Nazeer healed rapidly and began to regain weight. The wounds in his arm and the back of his shoulder closed over well, and gave him little trouble. But the larger and deeper wound to his right thigh seemed to have damaged the ligamentary relationship between muscle, bone, and tendons, from his hip to his knee. The upper leg was stiff, and he still walked with a limp as he swung his right step around the hip, instead of through it.

His spirits were relatively high, however, and he was anxious to return to Bombay-so anxious, in fact, that his fretting attention to my slower recovery became irritating. I snapped at him a couple of times when his solicitous urging-You better? You come now? We go now?-became unendurably annoying. I didn't know then that he had a mission, Khader's last mission, waiting for him in Bombay. The mission was all that held his grief and his shame at surviving Abdel Khader in check. And every day, as our health improved, the obligations of Khader's last command to him grew more suffocating; and his dereliction, as he saw it, more profane.

I had preoccupations of my own. The wounds on my legs were healing readily enough, and the skin on my forehead closed safely over a small, lumpy ridge of bone, but my ruptured eardrum became infected, and it was the source of a constant and almost unbearable pain. Every mouthful of food, every sip of water, every word I spoke, and every loud noise that I heard sent piercing little scorpion stings along the nerves of my face and throat, and deep into my fevered brain. Every movement of my body, or turn of the head, stabbed into that sweating excruciation. Every inward breath, and sneeze or cough, magnified the torment. Shifting accidentally in my sleep and bumping the damaged ear sent me starting up from the cot with a shout that woke every man for fifty metres around.

And then, after three weeks of that maddening, torturous pain and massive, self-medicated doses of penicillin and hot antibiotic washes, the wound healed and the pain receded from me just as memories do, like landmarks on a distant, foggy shore.

My hands healed around the deadened tissue on the knuckle joints.

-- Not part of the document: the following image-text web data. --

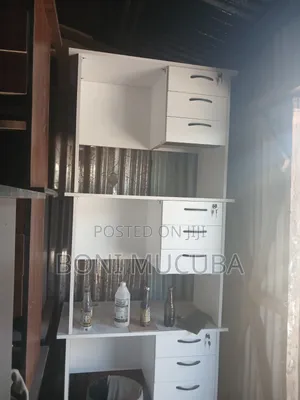 Meza Mpya za Ofisi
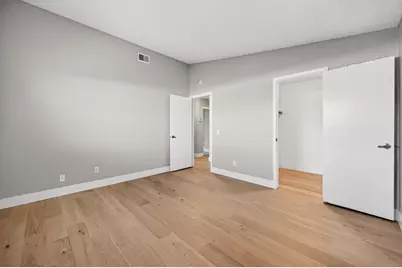 7639 Clover Woods Court, Sacramento, CA 95828 - Photo 27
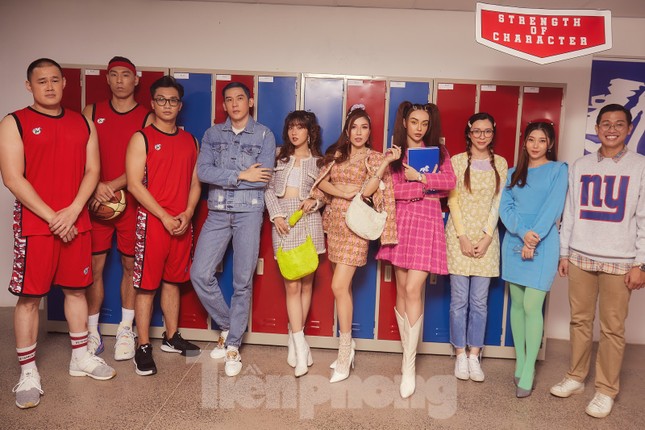 Trang Pháp hóa nữ thần tình yêu xinh đẹp, “rủ rê” hot boy bóng rổ tham gia MV mới ảnh 2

Truly frozen tissue never really heals, of course, and the injury was one of many that settled in my flesh in those exile years. I took the suffering from Khader's mountain into my hands, and every cold day sends me back there with my hands aching, just as they did when I clutched at the gun before the battle.

Nevertheless, in the warmer air of Pakistan my fingers flexed and moved and obeyed me. My hands were ready for the work I had waiting; the little matter of revenge in Bombay. Although my body was thinner after the ordeal, it was harder and tougher than it had been all those plump months before, when we'd first set out for Khader's war.

Nazeer and Mahmoud organised our return trip by a series of connecting trains. They'd acquired a small arsenal of weapons in Pakistan, and were intent on smuggling them into Bombay. They concealed the guns in bales of fabric, and shipped them in the care of three Afghans who were fluent in Hindi. We rode in different carriages, and never acknowledged the men, but the illicit cargo was always on our minds. The irony of it-we'd set off to smuggle guns into Afghanistan, and we were returning to smuggle guns into Bombay- made me laugh, when it occurred to me, as I sat in my first-class carriage. But the laughter was bitter, and the expression it left on my face turned the eyes of my fellow passengers away.